Uber and ex-CEO Travis Kalanick beat a lawsuit claiming the company did not properly disclose the financial impact of scandals to investors. An Irving, Texas-based firefighter pension fund filed a class-action lawsuit against the company, but a California judge tossed out the claims on Friday, Bloomberg reported.
The lawsuit “does not specifically tie any particular misrepresentation by defendants to a decline in Uber’s stock price,” U.S. District Court Judge Haywood S. Gilliam Jr. wrote in his ruling. The lawsuit only made a “vague and attenuated connection” between Uber’s various scandals and a decline in stock price.

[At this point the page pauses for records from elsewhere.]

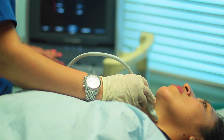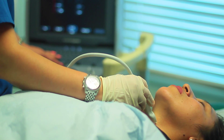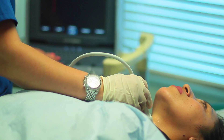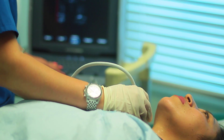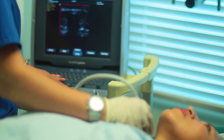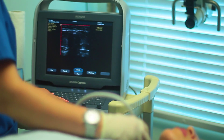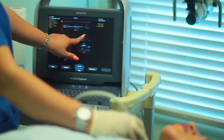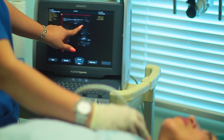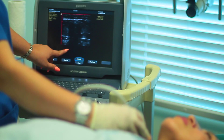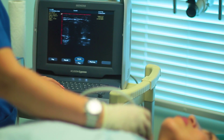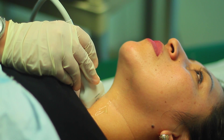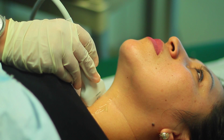Layla is now performing a thyroid ultrasound. This is a safe, non-invasive procedure where the ultrasound wand is swept over the patient's neck gently in sagittal and transverse planes to image the entire thyroid gland.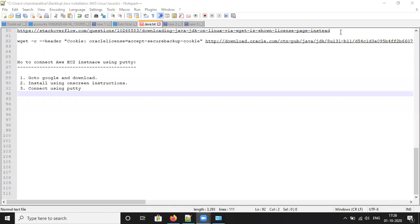Hi guys, last session we discussed about how to connect an Amazon EC2 instance using GitBash. Now we are going to discuss about how to connect an AWS EC2 instance using PuTTY.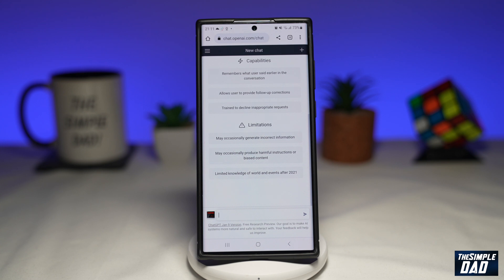Welcome to another simple chat GPT. In this video, we'll discuss if there is an app for chat GPT for your Android phone.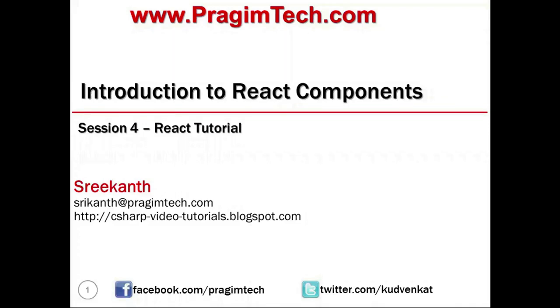A warm welcome to session number 4 in the React learning series. In this session we will understand what are React components, how do we create components, and how do we render them.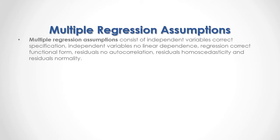Multiple regression assumptions consist of independent variables correct specification, independent variables no linear dependence, regression correct functional form, residuals no autocorrelation, residuals homoscedasticity, and residuals normality.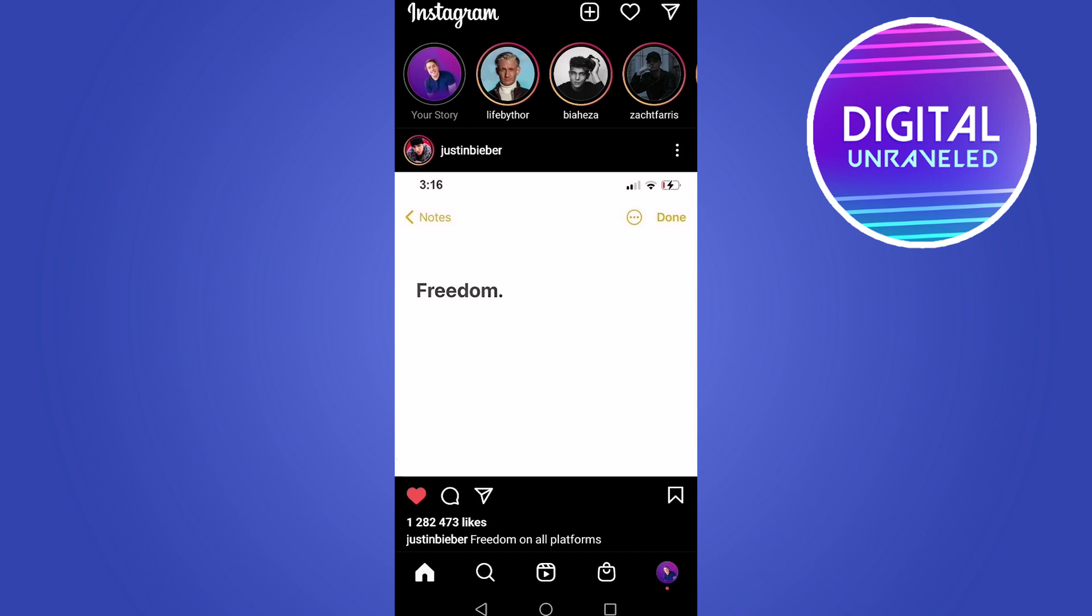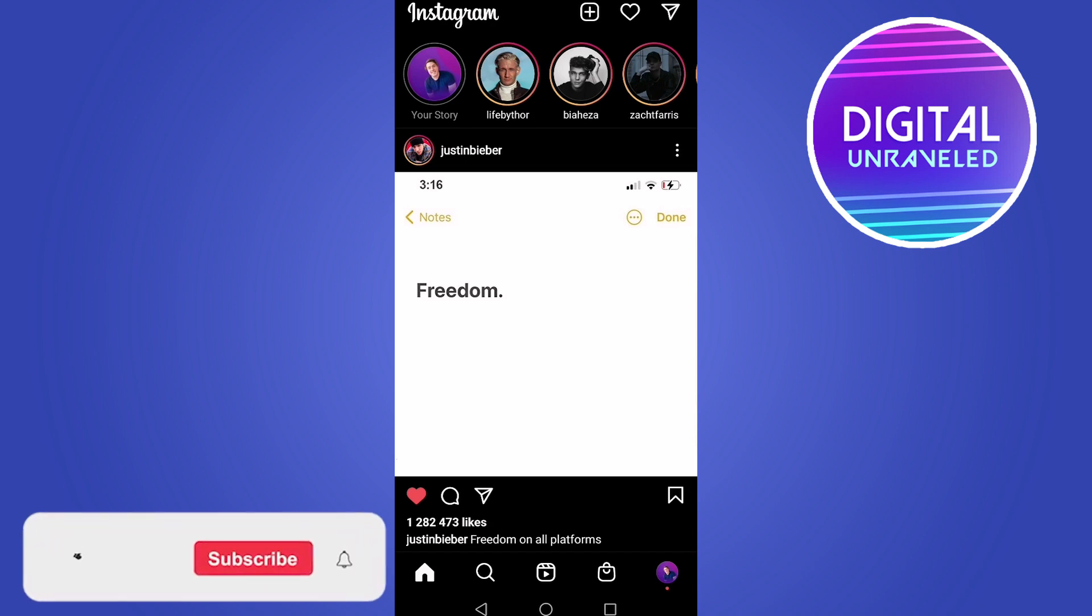A couple of things can be happening here, and one of the most common reasons is that you're on a bad internet connection. If you're on a bad internet connection and you try to upload a video to your Instagram story, Instagram is going to reduce the quality of your video to upload it onto your story.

U.S. law prohibits companies from withholding information that may affect finances. The lawsuit alleged that, under Travis Kalanick, Uber hid at least six scandals while “successfully soliciting billions of dollars in private investment.”
Kalanick stepped down in June 2017 after a series of scandals, including accusations of widespread tolerance of sexual harassment within the company. He was replaced by current CEO Dara Khosrowshahi in late 2017. Khosrowshahi, who has taken a more diplomatic approach to running the company, was left with the task of addressing scandals from Kalanick’s tenure, including a massive breach that exposed the data of 57 million users.
Investors have other reasons to grumble about Uber. Despite efforts to streamline the company’s operations, Uber remains unprofitable. Nonetheless, the company is expected to undertake an initial public offering (IPO) in 2019, and is expanding beyond its core ride-hailing business with a foray into scooter sharing, and a renewed focus on the Uber Freight trucking business.